In his address to Congress on Tuesday evening, President Trump affirmed that “America respects the right of all nations to chart their own path.” In that spirit, he continued, “My job is not to represent the world. My job is to represent the United States of America.”
The comments might have seemed unremarkable for those watching at home. For the vast majority of Americans, the obvious purpose of America’s government, and of America’s power, is to defend the interests of this great nation.
But for decades U.S. policymakers of both major parties have spoken in very different terms. They suggested that they would put the interests of other countries ahead of our own. They were encouraged by elites and big thinkers who proclaimed a global mission for the United States. True American greatness, they said, could not be achieved merely by building a more perfect union at home.
“We are America,” Madeleine Albright famously said in 1998, “We are the indispensable nation. We stand tall and we see further than other countries into the future, and we see the danger here to all of us.” As recently as last month, New York Times columnist David Brooks explained, “The things Americans do are not for themselves only, but for all mankind.”
Similar sentiments inform a collection of essays compiled in late 2015 by the John Hay Initiative, an ad hoc assemblage of mostly Republican foreign policy hands. In the lead essay, Eliot Cohen, a senior State Department adviser under George W. Bush, and two co‐authors, strenuously disagreed with the contention that “America’s role as guarantor of global order is no longer necessary.” Cohen et al. were equally dismissive of “those who think that ‘nation‐building at home’ is some kind of alternative to engagement abroad.” On the contrary, they explained, “a strong United States is essential to the maintenance of the open global order under which this country and the rest of the world have prospered since 1945.”
Many countries trusted such assurances. They focused on perfecting their own communities, in their own way, effectively leaving security to the ever‐willing, and typically able, Uncle Sam. These allies were troubled by U.S. missteps in Vietnam, and more recently Iraq, but they remained relatively confident that American power was sufficient to defend them from harm. And they believed U.S. officials who told them that the U.S. government would address their security concerns with a combination of prudence and impartiality.
For their part, U.S. officials would occasionally protest that U.S. allies had gone too far in their neglect of hard power. Complaints about free‐riding and inadequate burden‐sharing were a perennial theme in speeches by American secretaries of Defense and State. But privately, U.S. leaders preferred a world in which military power was wielded mainly by a single country rather than by many. The Wall Street Journal’s Bret Stephens summarized this sentiment, writing that “America is better served by a world of supposed freeloaders than by a world of foreign policy free‐lancers.”
President Trump obviously feels differently. His slogan “America First” hearkens back to the days, prior to World War II, when Americans strenuously resisted active involvement in the wars raging in Europe and Asia. The mere suggestion that a President Trump might turn his back on 70‐plus years of U.S. global leadership mobilized a bipartisan array of foreign policy #NeverTrumpers who were determined to block his path to the presidency.

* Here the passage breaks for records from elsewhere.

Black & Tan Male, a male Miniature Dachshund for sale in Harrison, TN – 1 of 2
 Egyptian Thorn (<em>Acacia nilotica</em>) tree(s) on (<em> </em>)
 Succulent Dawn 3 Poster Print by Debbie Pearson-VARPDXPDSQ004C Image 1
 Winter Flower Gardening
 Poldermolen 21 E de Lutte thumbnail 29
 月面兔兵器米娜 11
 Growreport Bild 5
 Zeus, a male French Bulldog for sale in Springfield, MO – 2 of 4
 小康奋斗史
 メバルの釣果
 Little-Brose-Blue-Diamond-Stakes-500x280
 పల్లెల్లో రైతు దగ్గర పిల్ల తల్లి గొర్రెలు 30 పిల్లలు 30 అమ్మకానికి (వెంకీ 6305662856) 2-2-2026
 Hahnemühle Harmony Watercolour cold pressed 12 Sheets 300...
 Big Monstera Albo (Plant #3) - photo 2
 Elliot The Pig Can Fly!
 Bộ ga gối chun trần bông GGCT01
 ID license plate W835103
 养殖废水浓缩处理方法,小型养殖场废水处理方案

They obviously failed. But President Trump might still find it difficult to translate his rhetoric into action.
For one thing, inertia is a powerful force, and the durability of the status quo is compounded by established institutions and bureaucracies populated by people who do not share the President’s worldview.
Full‐throated #NeverTrumpers such as Eliot Cohen haven’t been invited to join the administration, but other advocates of the foreign policy status quo, those men and women who avoided criticizing Donald Trump directly and publicly, are in line for some plum assignments. For example, Brian Hook, John Hay Initiative co‐founder, and one of Cohen’s co‐authors, has been named director of policy planning at the State Department.
Meanwhile, in other governments’ capitals, the mere possibility that Donald Trump will be able to implement his vision for a world order based on sovereign states pursuing their own interests is beginning to sink in. As it does, America’s allies are likely to hedge their bets, and move away from a reliance upon an unpredictable government over which they have no control.
We can celebrate or lament that turn of events, but we shouldn’t be surprised. The only puzzle is that the old model lasted as long as it did.